Thursday, 18 July, 2019
Whether they find their spouse through arranged marriage like their parents, or on their own, morans (warriors) in the Samburu community are intransigent about one criterion for their future bride: she needs to be “cut”. The cut, also known as Female Genital Mutilation and Cutting (FGM/C), is a highly prevalent cultural practice within the Samburu, a nomadic pastoralist group living in Northern Kenya, with prevalence rate more than four times higher than the national average (90%1 compared to 21%). These clans consider FGM/C a crucial rite of passage to womanhood and have refused to abandon it despite governmental and non-governmental interventions, including the passage of the Prohibition of FGM/C Act of 2011.
When 21-year old Moses Leakayo and 24-year old Salim Lekiale, two Samburu morans, were invited by Koota Injena to join a dialogue session on FGM/C, Child Early and Forced Marriage (CEFM) and the value of the girl, they were expecting another “lecture” from “foreigners” on the dangers of harmful cultural practices. But this time, they witnessed something different. That dialogue was part of a new initiative funded by USAID, which positively engages youth as one of the levers to challenge gender inequitable norms supportive of CEFM, FGM/C and low value of the girl. The pilot activity, through adult and youth facilitators that are actual members of the targeted community, identifies and trains champions in each sex and age group on the negative health, socio-economic and penal consequences of FGM/C and CEFM and later teaches them facilitation techniques to hold discussions between different groups and generations who might have opposing views.

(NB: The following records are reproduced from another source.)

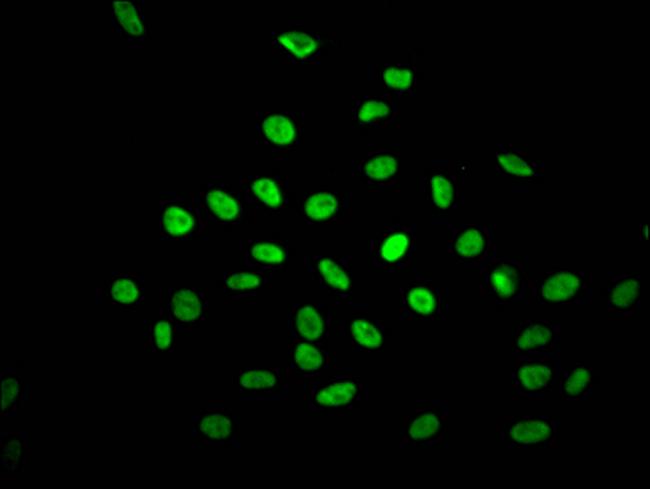 NONO Antibody in Immunocytochemistry (ICC/IF)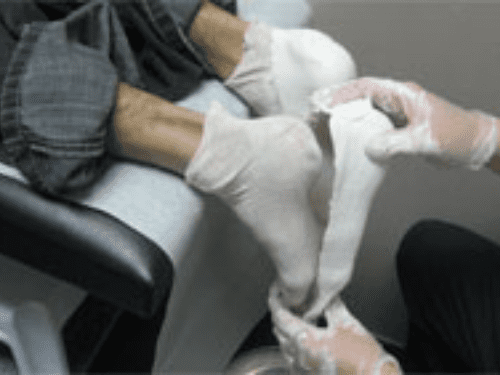 Shape capture or casting of a foot to make a foot orthosis / orthotic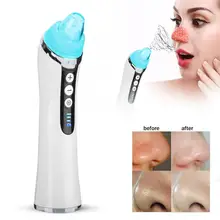 Пылесос очиститель пор электрическое удаление акне чёрных точек инструмент лицевой очистка пор инструмент Средство для устранения черных точек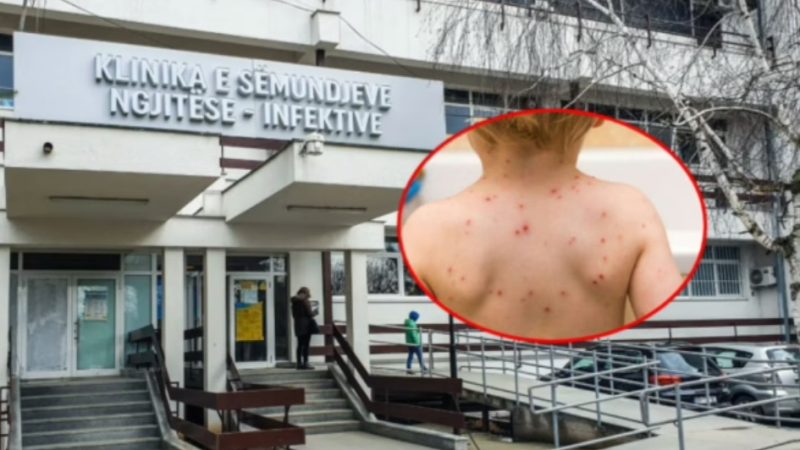 Fruthi po shpërndahet tek fëmijët, regjistrohen 10 raste – mjekët: Mos bini pre e dezinformatave, vaksinoni fëmijët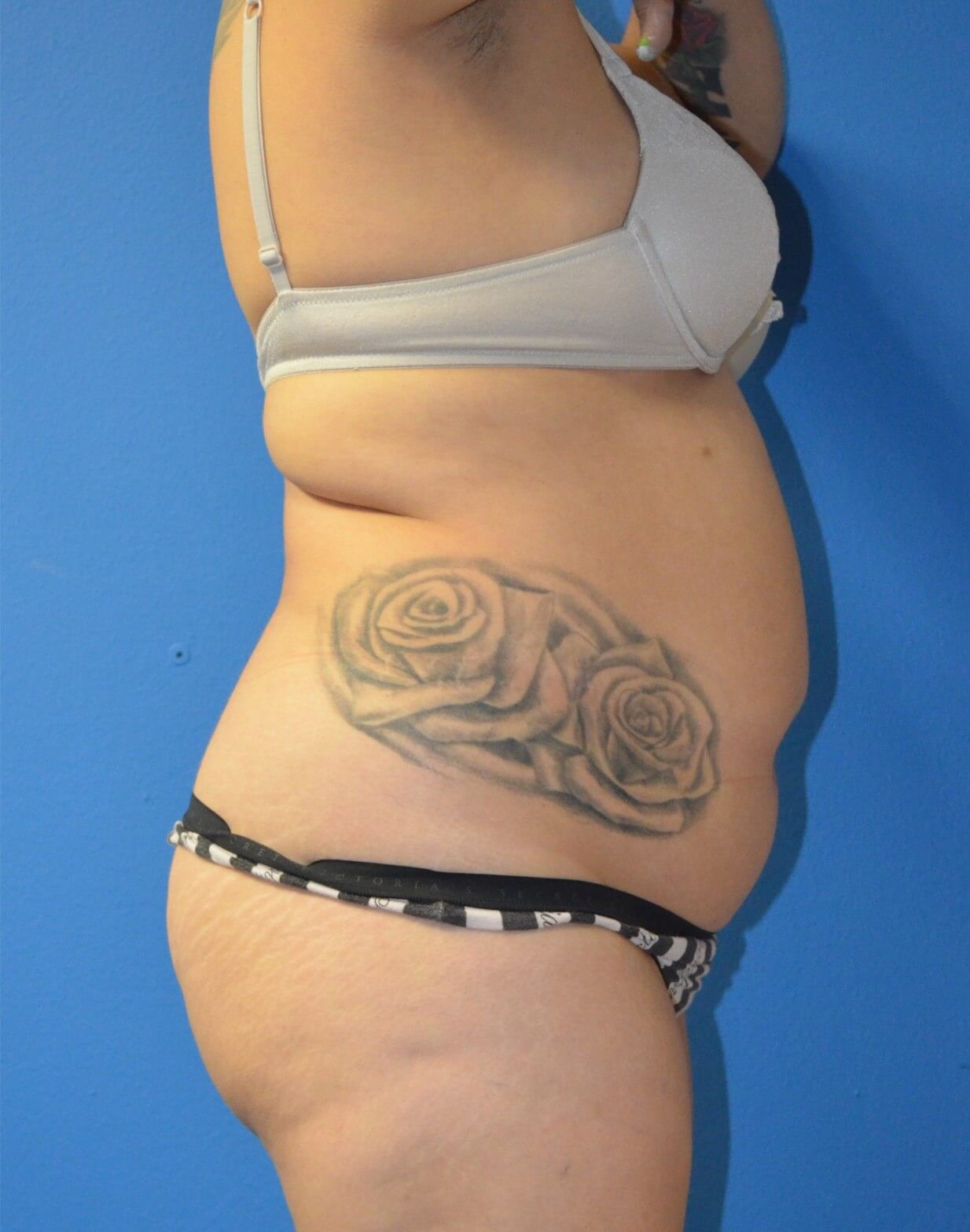 BBL, Tummy Tuck, Vaser Lipo360 Before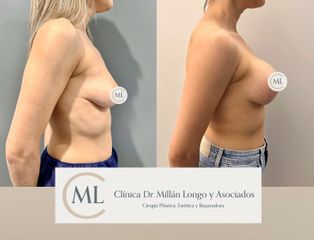 Mastopexia con prótesis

“The tone of the facilitators was respectful, and we did not feel attacked. These were members of our community whom we knew well. We already knew some of the health effects of FGM/C but learned so much more that by the end of the meeting, we
volunteered to become youth champions” explain Moses. He adds: “I have two sisters and did my best to protect them from the cut despite clan’s pressure. To show everyone my commitment to protect our girls, I vowed to only marry an uncut woman”.
Salim admits that he had already been married to his wife, who is cut, when he became a champion, but is determined to protect his two-year old daughter. Both agree that their peers are still divided on the question of FGM/C and so are the elders. “Some of them are still adamant on the cut and I use other elders to respectfully approach them through dialogue,” Salim adds.
Last year, both Moses and Salim were able to intervene and rescue an 11-year-old girl at risk of CEFM who was later taken to Samburu Girls Foundation Rescue Centre. They find out about the girl when they were invited to her actual wedding, as Morans are the first group to be gathered during Samburu cultural ceremonies.
Koota Injena is a three years (2017-2020) USAID-funded proof of concept activity designed to implement and test the effectiveness of engaging clan elders, community leaders, and members, of using intergenerational dialogue and of strengthening positive youth and male engagement as levers to change norms and behaviours for the abandonment of CEFM, FGM/C and low value of the girl among the 40 clans of Samburu (nine clans), Borana (seventeen clans), Rendille (nine clans) and Gabbra (five clans) communities in Samburu and Marsabit Counties.